TASK DIRECTIONS. Set down, word for word, the line with "BRIG_KIND_DIRECTIVE_VARIABLE directive." and the lines after it through the final line of the data below, without pictures.

Records from a data source:
┌────────
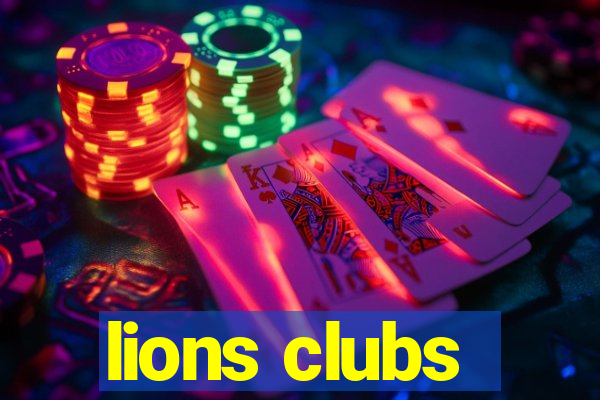 lions clubs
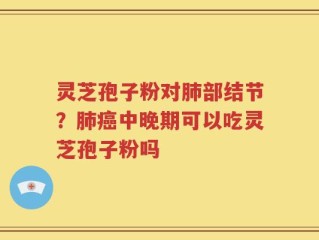 灵芝孢子粉对肺部结节？肺癌中晚期可以吃灵芝孢子粉吗
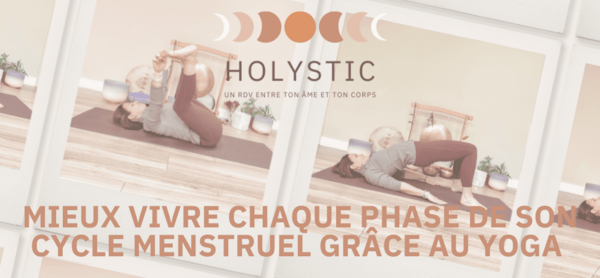 Mieux vivre chaque phase de son cycle menstruel grâce au yoga
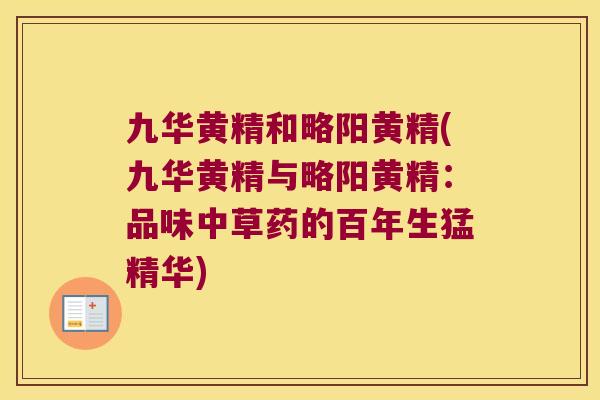 九华黄精和略阳黄精(九华黄精与略阳黄精:品味中草药的百年生猛精华) 九华黄精和略阳黄精(九华黄精与略阳黄精:品味中草药的百年生猛精华)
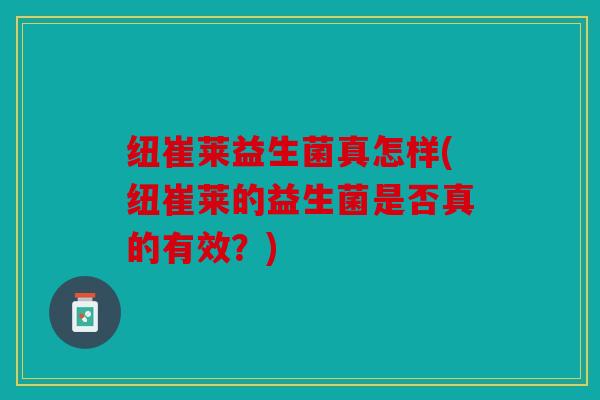 纽崔莱益生菌真怎样(纽崔莱的益生菌是否真的有效？)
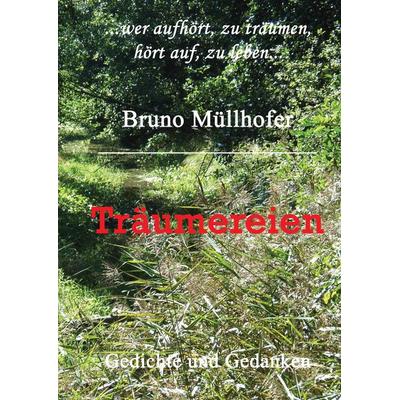 Träumereien, Taschenbuch von Bruno Müllhofer, BoD – Books on Demand, 978-3-8334-9884-8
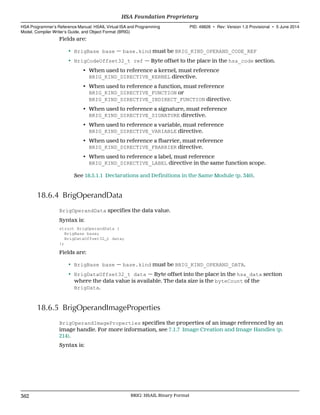 Fields are:
• BrigBase base — base.kind must be BRIG_KIND_OPERAND_CODE_REF
• BrigCodeOffset32_t ref — Byte offset to the place in the hsa_code section.
• When used to reference a kernel, must reference
BRIG_KIND_DIRECTIVE_KERNEL directive.
• When used to reference a function, must reference
BRIG_KIND_DIRECTIVE_FUNCTION or
BRIG_KIND_DIRECTIVE_INDIRECT_FUNCTION directive.
• When used to reference a signature, must reference
BRIG_KIND_DIRECTIVE_SIGNATURE directive.
• When used to reference a variable, must reference
BRIG_KIND_DIRECTIVE_VARIABLE directive.
• When used to reference a fbarrier, must reference
BRIG_KIND_DIRECTIVE_FBARRIER directive.
• When used to reference a label, must reference
BRIG_KIND_DIRECTIVE_LABEL directive in the same function scope.
See 18.5.1.1 Declarations and Definitions in the Same Module (p. 340).
18.6.4 BrigOperandData
BrigOperandData specifies the data value.
Syntax is:
struct BrigOperandData {
BrigBase base;
BrigDataOffset32_t data;
};
Fields are:
• BrigBase base — base.kind must be BRIG_KIND_OPERAND_DATA.
• BrigDataOffset32_t data — Byte offset into the place in the hsa_data section
where the data value is available. The data size is the byteCount of the
BrigData.
18.6.5 BrigOperandImageProperties
BrigOperandImageProperties specifies the properties of an image referenced by an
image handle. For more information, see 7.1.7 Image Creation and Image Handles (p.
214).
Syntax is:
HSA Foundation Proprietary  
HSA Programmer’s Reference Manual: HSAIL Virtual ISA and Programming
Model, Compiler Writer’s Guide, and Object Format (BRIG)
PID: 49828 ∙ Rev: Version 1.0 Provisional ∙ 5 June 2014
362 BRIG: HSAIL Binary Format  
 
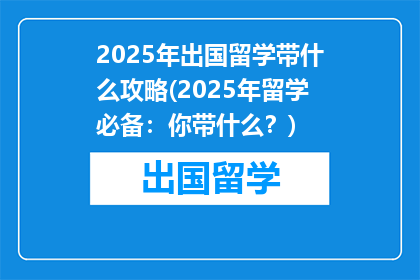 2025年出国留学带什么攻略(2025年留学必备：你带什么？)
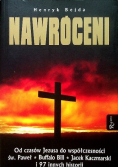 Nawróceni Od czasów Jezusa do współczesności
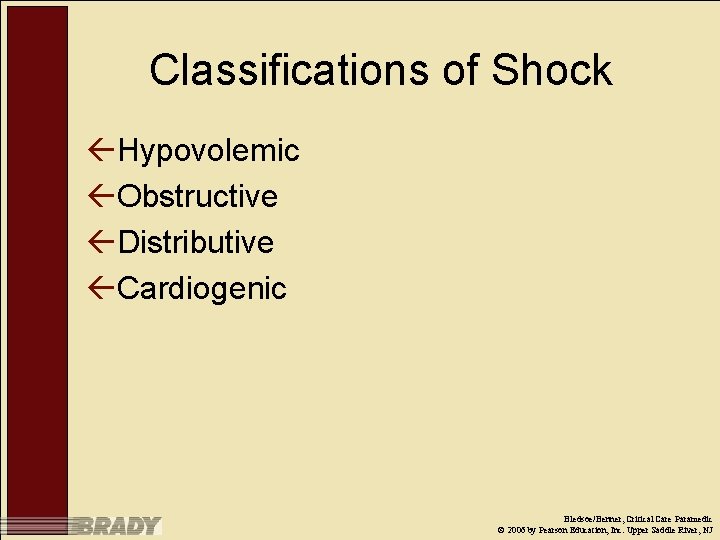 Classifications of Shock ßHypovolemic ßObstructive ßDistributive ßCardiogenic Bledsoe/Benner, Critical Care Paramedic © 2006 by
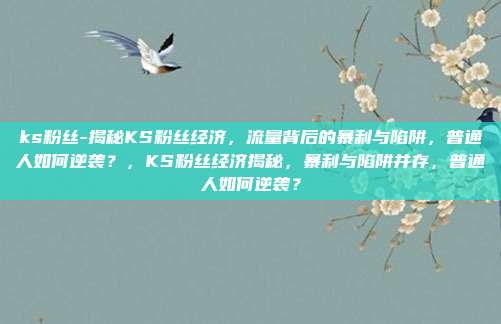 ks粉丝-揭秘KS粉丝经济,流量背后的暴利与陷阱,普通人如何逆袭?,KS粉丝经济揭秘,暴利与陷阱并存,普通人如何逆袭?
└────────
RESPONSE AREA.
BRIG_KIND_DIRECTIVE_VARIABLE directive.
• When used to reference a fbarrier, must reference
BRIG_KIND_DIRECTIVE_FBARRIER directive.
• When used to reference a label, must reference
BRIG_KIND_DIRECTIVE_LABEL directive in the same function scope.
See 18.5.1.1 Declarations and Definitions in the Same Module (p. 340).
18.6.4 BrigOperandData
BrigOperandData specifies the data value.
Syntax is:
struct BrigOperandData {
BrigBase base;
BrigDataOffset32_t data;
};
Fields are:
• BrigBase base — base.kind must be BRIG_KIND_OPERAND_DATA.
• BrigDataOffset32_t data — Byte offset into the place in the hsa_data section
where the data value is available. The data size is the byteCount of the
BrigData.
18.6.5 BrigOperandImageProperties
BrigOperandImageProperties specifies the properties of an image referenced by an
image handle. For more information, see 7.1.7 Image Creation and Image Handles (p.
214).
Syntax is:
HSA Foundation Proprietary  
HSA Programmer’s Reference Manual: HSAIL Virtual ISA and Programming
Model, Compiler Writer’s Guide, and Object Format (BRIG)
PID: 49828 ∙ Rev: Version 1.0 Provisional ∙ 5 June 2014
362 BRIG: HSAIL Binary Format  
 
 2025年出国留学带什么攻略(2025年留学必备：你带什么？)
 Nawróceni Od czasów Jezusa do współczesności
 Classifications of Shock ßHypovolemic ßObstructive ßDistributive ßCardiogenic Bledsoe/Benner, Critical Care Paramedic © 2006 by
 ks粉丝-揭秘KS粉丝经济,流量背后的暴利与陷阱,普通人如何逆袭?,KS粉丝经济揭秘,暴利与陷阱并存,普通人如何逆袭?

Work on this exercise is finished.